QTQ
- Brisbane, Queensland; Australia;
- City: Brisbane
- Channels: Digital: 8 (VHF); Virtual: 9;
- Branding: Nine

Programming
- Language: English
- Network: Nine

Ownership
- Owner: Nine Entertainment; (Queensland Television Ltd);

History
- First air date: 16 August 1959
- Former channel number: Analog: 9 (VHF) (1959–2013)
- Call sign meaning: Queensland Television Queensland

Technical information
- ERP: 50 kW (digital)
- Transmitter coordinates: 27°28′17″S 152°56′31″E﻿ / ﻿27.47139°S 152.94194°E

Links
- Website: 9now.com.au

= QTQ =

QTQ is an Australian television station, licensed to, and serving Brisbane, Queensland. It is owned by the Nine Entertainment, and is part of the Nine Network. It broadcasts on VHF Channel 8 (digital). QTQ began broadcasting on 16 August 1959 as the first television station in Queensland.

==News==

QTQ-9's nightly news program is 9News Queensland, presented on weeknights by Melissa Downes and Joel Dry, with Jonathan Uptin presenting sport, and Garry Youngberry presenting the weather. Mia Glover is the weekend presenter, with Dominique Loudon presenting sport and Luke Bradnam presenting weather. Luke Bradnam also presents Beach and Fishing reports each Friday and Saturday evening.
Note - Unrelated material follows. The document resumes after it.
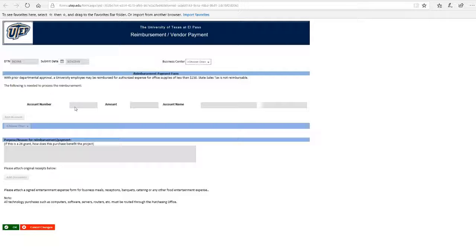Third, be sure to submit a tax exempt form to the vendor. State sales taxes will not be reimbursed. And finally, attach all receipts.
Fill-in presenters for the bulletins include news presenters Aislin Kriukelis, Alison Ariotti, Paul Taylor and Wendy Kingston.

The bulletin is simulcast in Brisbane on commercial radio station River 94.9, across regional Queensland on WIN Television and throughout remote eastern and central Australia on Imparja Television. As of September 2017, weekend bulletins also air in Darwin.

Since 2014, QTQ-9 has produced local editions of Nine Live Queensland (as well as the Morning News until it was axed in October 2017) on weekdays. The bulletin is presented by Paul Taylor (Monday – Wednesday) and Alison Ariotti (Thursday – Friday) with sport presenters Jonathan Uptin (weeknights) and weather presenters Garry Youngberry (Monday – Thursday) and Luke Bradnam (Friday).

===Presenter history===
Wally Lewis was the weekday sports presenter until December 2006, when following an on-air incident, it was publicly revealed he had epilepsy. He returned to presenting weeknight sport during the 2007–2008 summer period, and also files sports reports. Chris Bombolas was the weekend sports presenter who preceded Steve Haddan, before resigning to become a politician. John Schluter was the weather presenter until his resignation in September 2006, to join rival Seven News Brisbane as the weekday weather presenter; his departure indirectly resulted in Nine News Queensland losing its long-time ratings lead to Seven News Brisbane in 2007; it was not until 2013 that they would regain the ratings lead.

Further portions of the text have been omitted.